— TASK DIRECTIONS —
With the images removed, return every line below exactly as it reads.

— RECORDED DATA —
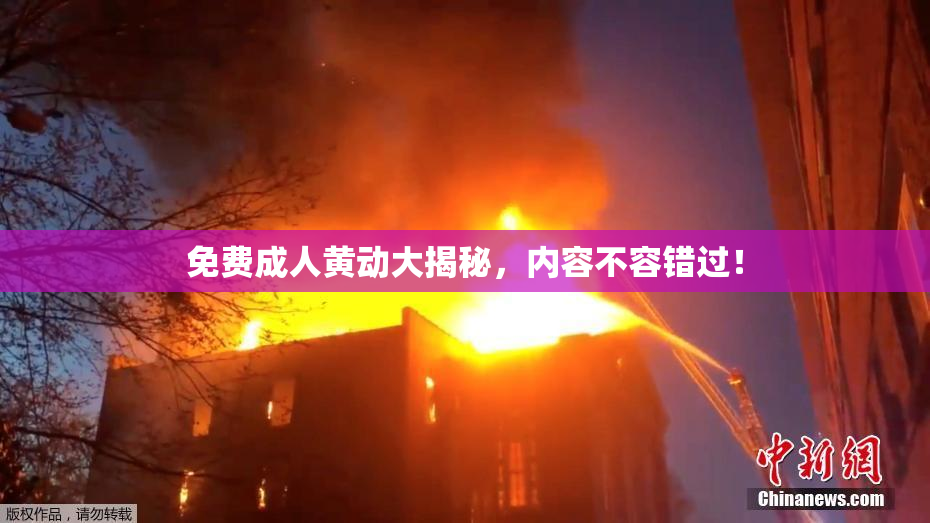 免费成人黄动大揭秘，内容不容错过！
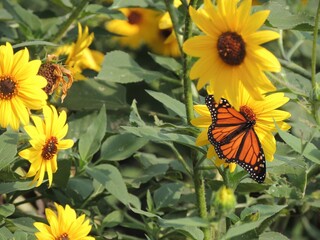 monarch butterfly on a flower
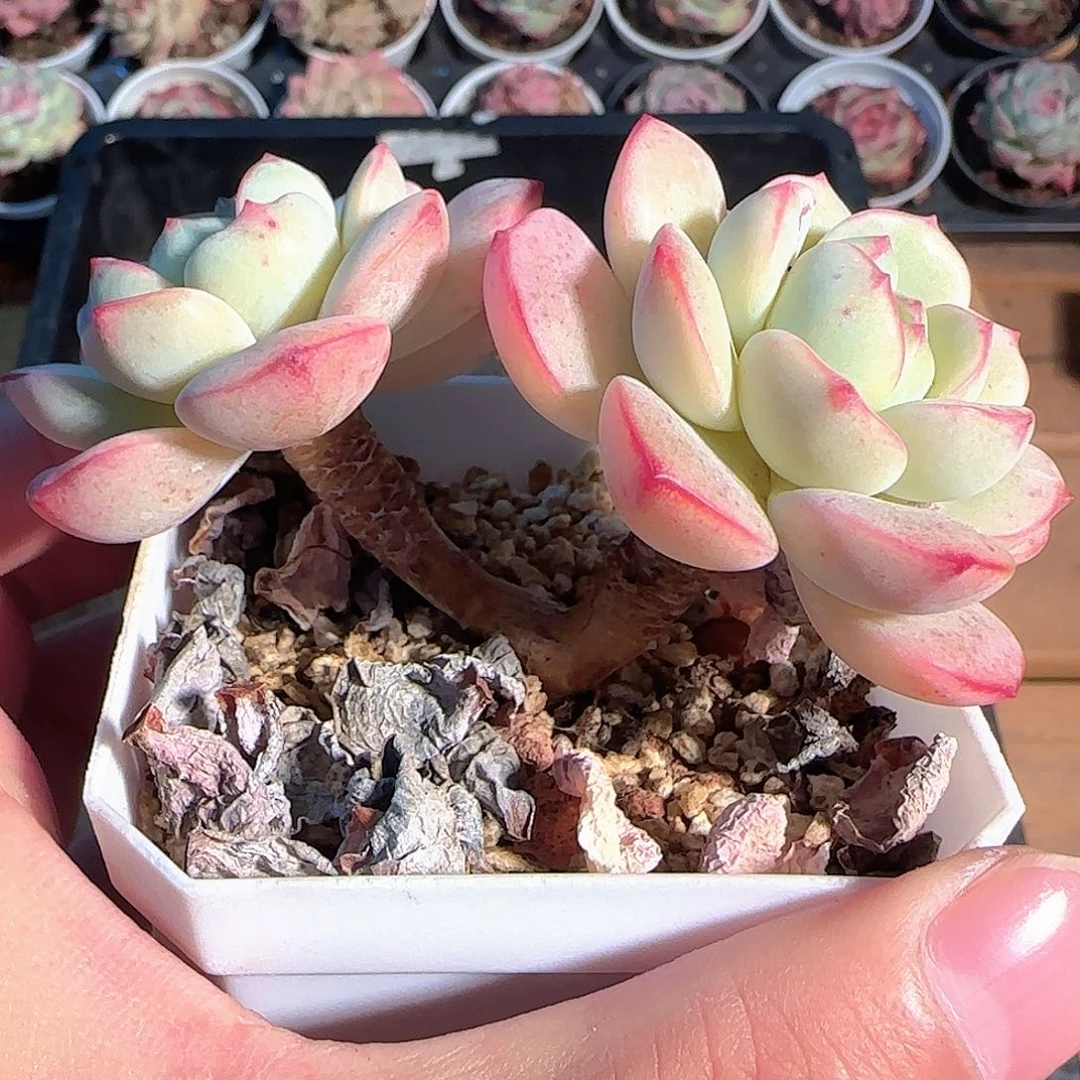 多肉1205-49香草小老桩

— WRITTEN RESPONSE —
 免费成人黄动大揭秘，内容不容错过！
 monarch butterfly on a flower
 多肉1205-49香草小老桩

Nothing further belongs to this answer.